Recovering from losing a big client

Joe wasn’t one of those enterprising people who dreamed of building a big business, growing a business, or running any kind of business. Since he enjoyed the challenge and flexibility, he kept pushing. However, it meant reaching out to people in a way that made him uncomfortable — asking for their business. Sales wasn’t his thing. His core business was his passion.

Nonetheless, Joe sat down and wrote one of the hardest emails he ever had to write. After finishing it, he sat there staring at the monitor debating what names to enter in the “To” line.

Some people on the list made were just above strangerdom and others he knew well.

He had to send the email. His stomach burned.

<Tap.> The deed was done.

That email resulted in two new clients. One lasted for more than a decade. This convinced him to keep the business going. Five years later, Joe retired from the corporate world to pursue his business full-time.

Having one client make up a bulk of his business is like throwing your phone into a sink full of water to see if it will still work. Luckily, Joe wasn’t dependent on his business income. His quick action staved off cash flow problems.

Happy clients can drop your small business

You can lose a happy client in an instant. It happened to Joe. He lost a project with a client he had worked with for a long time on many projects.

At the time, the client had several projects going. For one of them, the client outsourced the project management reins. When the project manager told Joe that he decided to go in a different direction — in other words, he didn’t need Joe — it stunned him.

After taking a step back and getting his bearings, he wondered if the project manager had someone who did the same work he did. Joe contacted the client. Sure enough, the client confirmed his suspicions. They worked happily ever after as he continued to work on other projects.

As his business morphed from part-time to full-time, Joe learned to make sure he had balance in his client line-up and always be marketing regardless of his client load.

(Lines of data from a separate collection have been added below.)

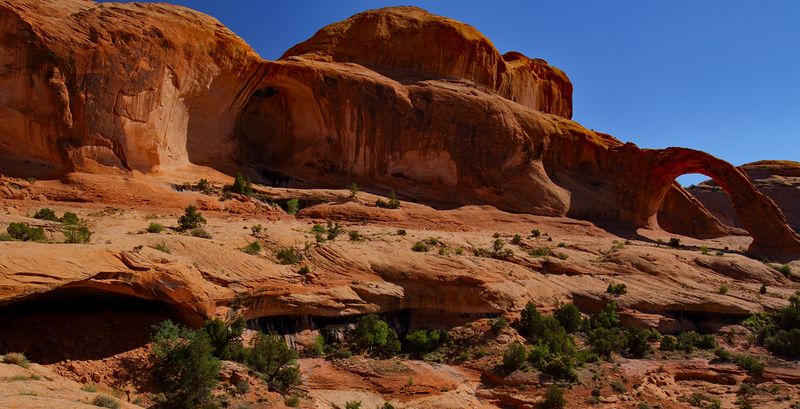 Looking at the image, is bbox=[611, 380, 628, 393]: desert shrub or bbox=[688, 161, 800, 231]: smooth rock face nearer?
bbox=[611, 380, 628, 393]: desert shrub

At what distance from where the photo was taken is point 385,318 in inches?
788

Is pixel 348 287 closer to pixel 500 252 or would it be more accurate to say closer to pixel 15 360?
pixel 500 252

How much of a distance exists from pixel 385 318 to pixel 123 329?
27.5 feet

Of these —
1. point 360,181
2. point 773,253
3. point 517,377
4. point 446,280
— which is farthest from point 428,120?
point 773,253

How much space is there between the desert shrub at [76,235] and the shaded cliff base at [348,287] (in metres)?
0.42

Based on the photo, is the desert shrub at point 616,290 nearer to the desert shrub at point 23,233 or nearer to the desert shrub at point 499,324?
the desert shrub at point 499,324

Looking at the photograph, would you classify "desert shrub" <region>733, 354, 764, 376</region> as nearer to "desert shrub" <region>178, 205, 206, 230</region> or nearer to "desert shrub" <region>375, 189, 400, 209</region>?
"desert shrub" <region>375, 189, 400, 209</region>

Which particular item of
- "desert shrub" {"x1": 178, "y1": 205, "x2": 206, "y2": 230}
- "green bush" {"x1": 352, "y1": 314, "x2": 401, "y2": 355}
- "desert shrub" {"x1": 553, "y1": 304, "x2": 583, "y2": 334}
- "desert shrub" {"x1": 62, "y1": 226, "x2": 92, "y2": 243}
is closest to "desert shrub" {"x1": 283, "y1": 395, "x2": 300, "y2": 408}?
"green bush" {"x1": 352, "y1": 314, "x2": 401, "y2": 355}

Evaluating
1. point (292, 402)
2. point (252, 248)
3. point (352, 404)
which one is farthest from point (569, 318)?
point (252, 248)

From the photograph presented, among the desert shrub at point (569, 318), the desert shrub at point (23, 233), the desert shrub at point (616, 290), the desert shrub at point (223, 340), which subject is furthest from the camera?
the desert shrub at point (616, 290)

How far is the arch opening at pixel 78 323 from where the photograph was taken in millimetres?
13188

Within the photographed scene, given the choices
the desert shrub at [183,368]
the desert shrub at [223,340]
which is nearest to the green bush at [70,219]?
the desert shrub at [183,368]

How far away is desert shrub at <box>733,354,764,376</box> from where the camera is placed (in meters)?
20.5

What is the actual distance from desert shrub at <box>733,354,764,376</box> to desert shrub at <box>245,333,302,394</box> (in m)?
15.9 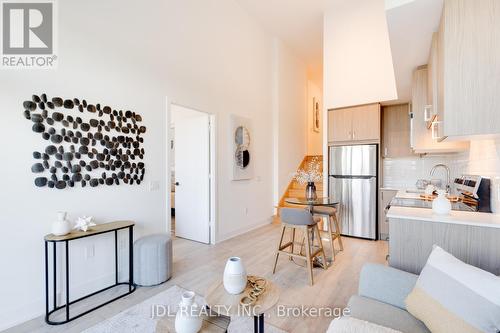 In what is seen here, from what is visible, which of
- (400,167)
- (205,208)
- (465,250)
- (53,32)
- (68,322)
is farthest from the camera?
(400,167)

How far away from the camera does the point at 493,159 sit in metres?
2.11

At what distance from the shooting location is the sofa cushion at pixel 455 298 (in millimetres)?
1013

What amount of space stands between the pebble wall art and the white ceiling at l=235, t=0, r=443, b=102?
2.82 m

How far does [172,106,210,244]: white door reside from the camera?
411 cm

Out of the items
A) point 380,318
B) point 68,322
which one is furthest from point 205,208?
point 380,318

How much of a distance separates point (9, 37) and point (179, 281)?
2.86 metres

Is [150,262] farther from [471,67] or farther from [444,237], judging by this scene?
[471,67]

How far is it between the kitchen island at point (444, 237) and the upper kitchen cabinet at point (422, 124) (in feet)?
5.30

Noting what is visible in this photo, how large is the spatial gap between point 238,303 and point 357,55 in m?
4.75

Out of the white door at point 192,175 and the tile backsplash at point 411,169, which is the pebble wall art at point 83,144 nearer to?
the white door at point 192,175

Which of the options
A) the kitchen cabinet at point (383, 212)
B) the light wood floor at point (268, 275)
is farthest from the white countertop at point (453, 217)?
the kitchen cabinet at point (383, 212)

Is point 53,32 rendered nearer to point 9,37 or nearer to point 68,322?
point 9,37

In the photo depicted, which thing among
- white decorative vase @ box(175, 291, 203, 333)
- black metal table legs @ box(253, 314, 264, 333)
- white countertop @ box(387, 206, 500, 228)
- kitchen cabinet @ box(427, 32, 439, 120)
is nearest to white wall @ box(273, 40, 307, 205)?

It takes time to connect with a prospect, make a deal, get to work, and see the money in the bank.

If someone wants to hire you when you don’t have room, negotiate a later start date. Perhaps, you could offload or subcontract some work to someone you trust.

In the TV fictional world of “Halt and Catch Fire,” Cardiff was losing clients left and right as IBM undercut their prices. At one point, the accountant said that three clients made up almost 70 percent of their billing.

If the company had lost one, two, or three of their biggest clients, they’d be in more trouble than they’d be if they lost 10 small clients. They couldn’t sustain business with the remaining 30 percent, or even 50 percent.

One client. Twenty percent. Still dicey.

Back to the real world. Entrepreneur told the story of a company with 15 employees that lost its largest client, which made up 20 percent of its revenue. Merely 20 percent. Yet the account was big enough to give this small firm the battle of its life and affect the owner’s personal finances. Fortunately, they had more than $200k in reserves, but it was melting as fast as ice cream sitting in 90-degree weather.

The story also had a happy ending. The owner signed up for a class and reinvented his business to fit his clients’ changing needs.

These three stories … OK, two if you don’t want to count the fictional one … highlight the importance of having a Plan B in flexible financing or some other financing standing by. These two businesses survived because they had enough cash to stay afloat. My colleague’s corporate job supported him while the other depended on cash reserves.

Don’t risk your business. Review your client load to see if any make up too much of your billings. Got a big contract with the government? Even that can hurt you. A government organization can’t control everything. If congress dictates cuts, your contract could be one of those to go no matter how much they love you at the department.